▶ **Task item**: Instruction for the entries below: return the part that opens with the line containing "2008 Dodge Caliber SE" and closes with the line containing "Thumbnail 3 del", exactly, and no pictures.

▶ **Records**:
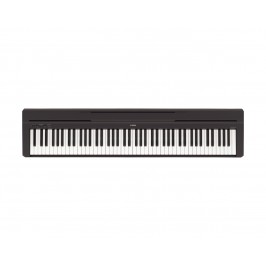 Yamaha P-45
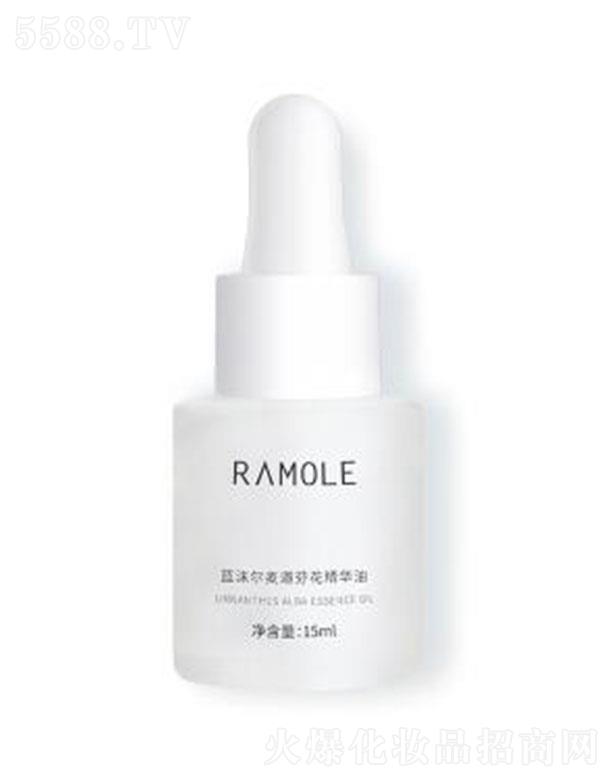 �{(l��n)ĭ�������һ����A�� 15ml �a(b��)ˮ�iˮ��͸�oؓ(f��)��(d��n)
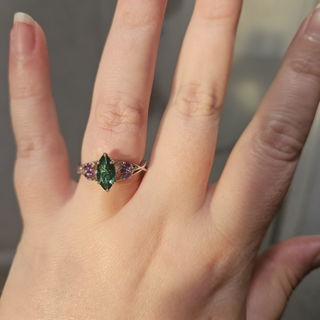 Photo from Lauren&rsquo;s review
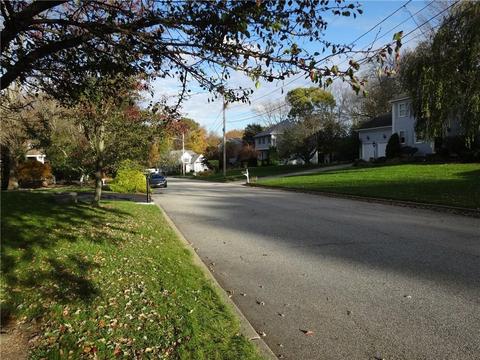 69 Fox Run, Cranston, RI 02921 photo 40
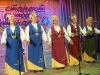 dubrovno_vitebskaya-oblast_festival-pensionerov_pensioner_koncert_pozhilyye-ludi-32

* * *

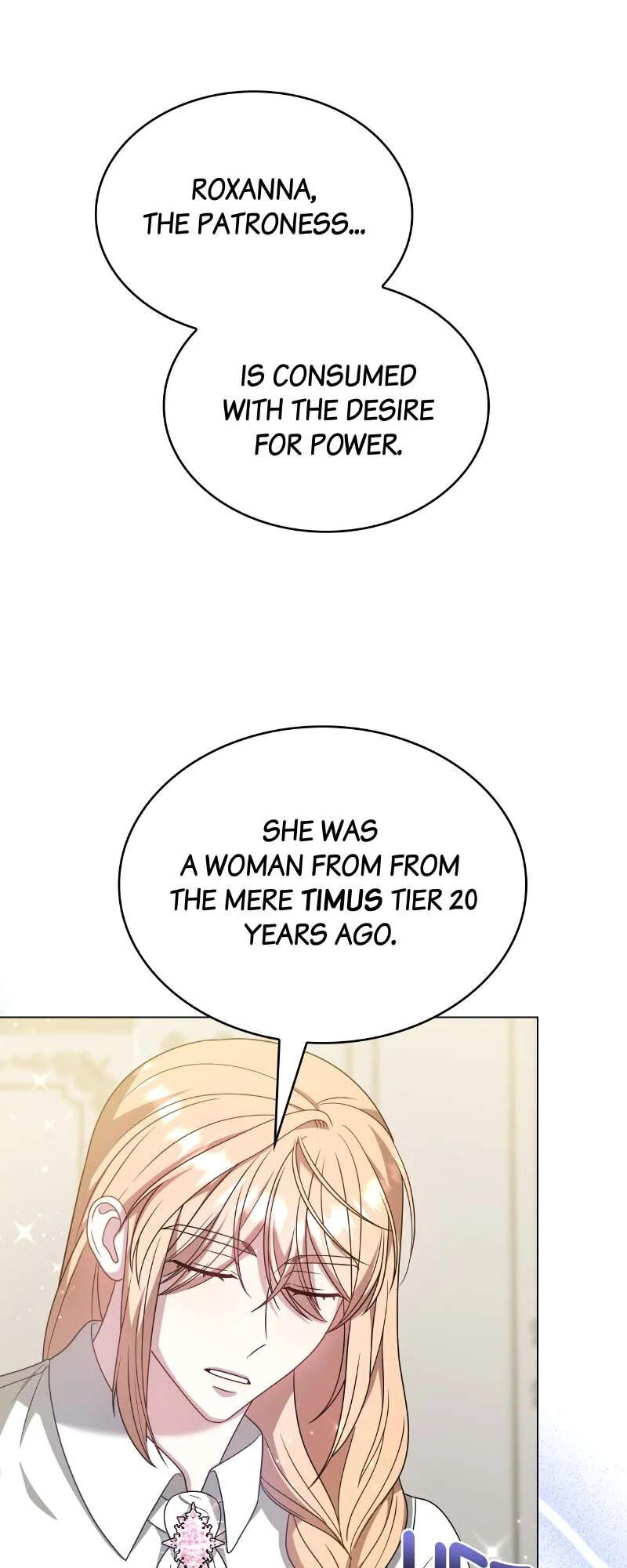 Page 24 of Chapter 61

--

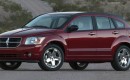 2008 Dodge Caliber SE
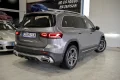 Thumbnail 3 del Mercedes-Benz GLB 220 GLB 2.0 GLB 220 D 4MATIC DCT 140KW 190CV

▶ **Solution to this exercise**:
 2008 Dodge Caliber SE
 Thumbnail 3 del Mercedes-Benz GLB 220 GLB 2.0 GLB 220 D 4MATIC DCT 140KW 190CV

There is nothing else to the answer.